=== Section Start ===

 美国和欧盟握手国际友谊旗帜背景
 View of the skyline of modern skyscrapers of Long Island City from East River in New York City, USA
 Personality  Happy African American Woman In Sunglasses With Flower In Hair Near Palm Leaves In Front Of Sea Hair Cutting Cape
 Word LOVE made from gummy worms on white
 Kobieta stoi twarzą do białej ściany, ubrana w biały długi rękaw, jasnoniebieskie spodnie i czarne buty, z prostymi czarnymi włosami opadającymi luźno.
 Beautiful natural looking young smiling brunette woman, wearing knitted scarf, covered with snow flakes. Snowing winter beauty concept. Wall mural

=== Section End ===
=== Section Start ===

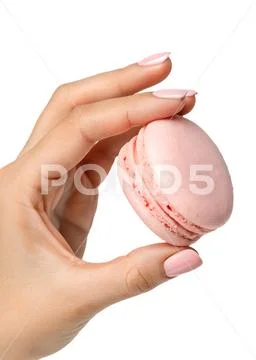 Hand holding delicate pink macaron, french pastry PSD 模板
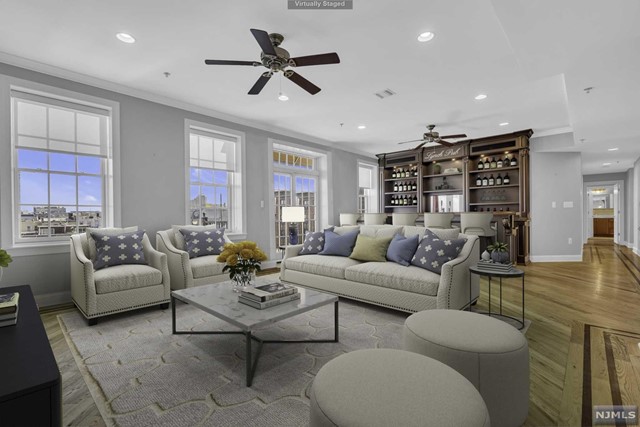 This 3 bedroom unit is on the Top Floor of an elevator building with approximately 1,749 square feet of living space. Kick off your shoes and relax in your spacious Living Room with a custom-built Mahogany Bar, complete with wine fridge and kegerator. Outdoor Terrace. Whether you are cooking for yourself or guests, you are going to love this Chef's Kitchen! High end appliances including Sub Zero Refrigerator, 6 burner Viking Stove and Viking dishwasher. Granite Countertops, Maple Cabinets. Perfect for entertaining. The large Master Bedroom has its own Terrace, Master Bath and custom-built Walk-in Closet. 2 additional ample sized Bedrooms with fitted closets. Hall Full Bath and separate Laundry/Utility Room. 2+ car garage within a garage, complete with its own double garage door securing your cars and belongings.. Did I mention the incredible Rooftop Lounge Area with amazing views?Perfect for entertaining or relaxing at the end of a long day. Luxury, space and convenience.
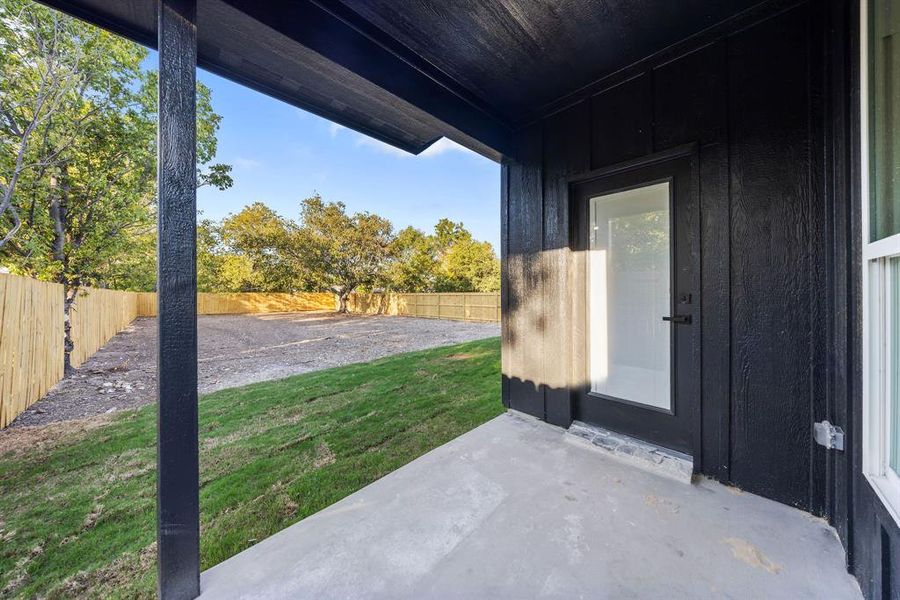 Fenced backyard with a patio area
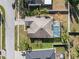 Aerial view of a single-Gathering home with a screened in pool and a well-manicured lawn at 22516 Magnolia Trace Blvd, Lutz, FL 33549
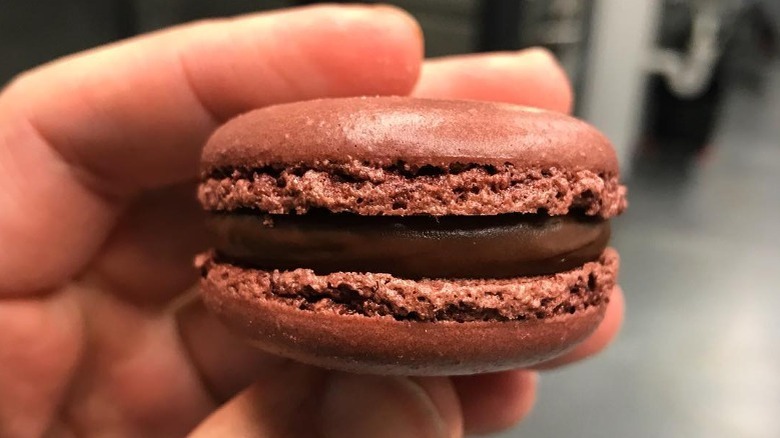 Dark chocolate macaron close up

=== Section End ===

INSTRUCTIONS FOR THE TASK: Above, find the line with "Aerial view of"; copy it and every line down to the line with "Dark chocolate macaron close up", exactly and both included, but no pictures.

ANSWER FOR THIS EXERCISE:
 Aerial view of a single-Gathering home with a screened in pool and a well-manicured lawn at 22516 Magnolia Trace Blvd, Lutz, FL 33549
 Dark chocolate macaron close up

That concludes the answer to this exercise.